Amazon GuardDuty is a threat detection service that continuously monitors for malicious or unauthorized behavior within AWS accounts and workloads. The service can be centrally managed across multiple AWS accounts and requires no additional software or hardware to be installed.
The new threat detection responds to EC2 instance credentials being used from another AWS account. EC2 instance credentials are temporary credentials that are made available from the EC2 instance metadata service (IMDS). These can then be provided to applications running on the EC2 instance to authorize activities permitted by the attached AWS IAM role.
If the credentials are used from an affiliated account, as in an account monitored by the same GuardDuty admin account, then the alert is labeled as medium severity. All other detections are labeled as high severity.
These credentials could be compromised if, for example, an application running on the EC2 instance has an open exploit. A malicious actor could leverage that application to access the IMDS and extract the credentials. Those credentials have permissions as granted by the attached IAM role, meaning the actor now can act as if they are the application on the EC2 instance.
There are a number of possible ways that the credentials can become compromised, including leveraging a remote code execution (RCE) vulnerability. Application-level vulnerabilities can also be exploited such as server side request forgery (SSRF) or XML external entity (XXE) injection.

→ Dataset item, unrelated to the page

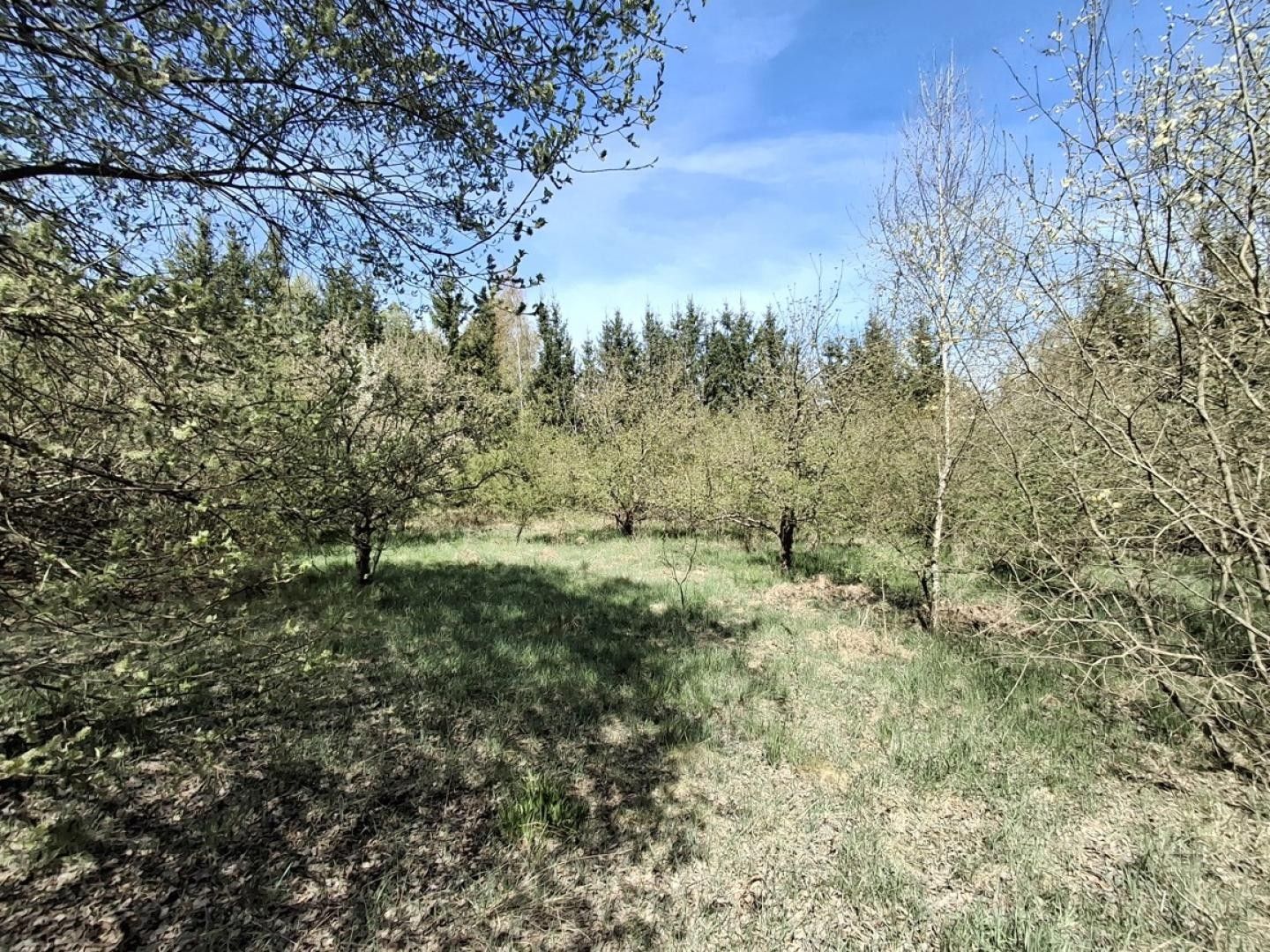 Prodej pozemku 18373 m² - foto 5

Mark Ryland, director, Office of the CISO at AWS, recommends a number of best practices to mitigate these potential vectors. First off, if the IMDS isn't needed then it can and should be disabled. If it is in use, Ryland recommends limiting local access to the service via local firewall rules. For EC2 instances that are accessible broadly, he recommends limiting open ports and using an access broker model to communicate with the IMDS.
Ryland notes that leveraging IMDSv2 will prevent most known misconfiguration and SSRF vulnerabilities. Version 2 moves the model from being a stateless request and response approach to a session-oriented model. The application creates a session token using a PUT request and all subsequent requests must include this token. The token is only usable by that EC2 instance.

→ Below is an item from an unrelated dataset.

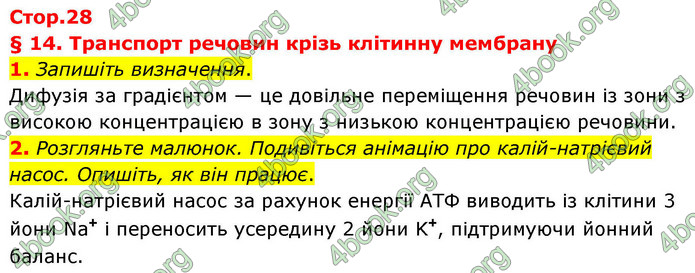 ГДЗ Зошит біологія 9 клас Тагліна НУШ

Version 1 of the service can be disabled and there is a CloudWatch metric, Amazon EC2:MetadataNoToken, to track usages of IMDSv1. There are also condition keys that can be used within IAM and Organizations Service Control Policies (SCPs) to prevent usage of IMDSv1. For example, the following condition could be used to deny RunInstances requests made using version 1 of the metadata service:
"StringEquals": {"ec2:MetadataHttpTokens": "required"}
This would require that RunInstances be called as followed:
https://ec2.amazonaws.com/?Action=RunInstances
&ImageId=ami-1a2b3c4d
&Count=1
&InstanceType=c3.large
&KeyName=MyKeyPair
&SecurityGroups=MySecurityGroup
&MetadataOptions.HttpTokens=required
&AUTHPARAMS
The new threat detection is available now within all regions at no additional cost; it is enabled automatically when GuardDuty is enabled. More details on Amazon GuardDuty can be found on the AWS site with pricing information available on the pricing page.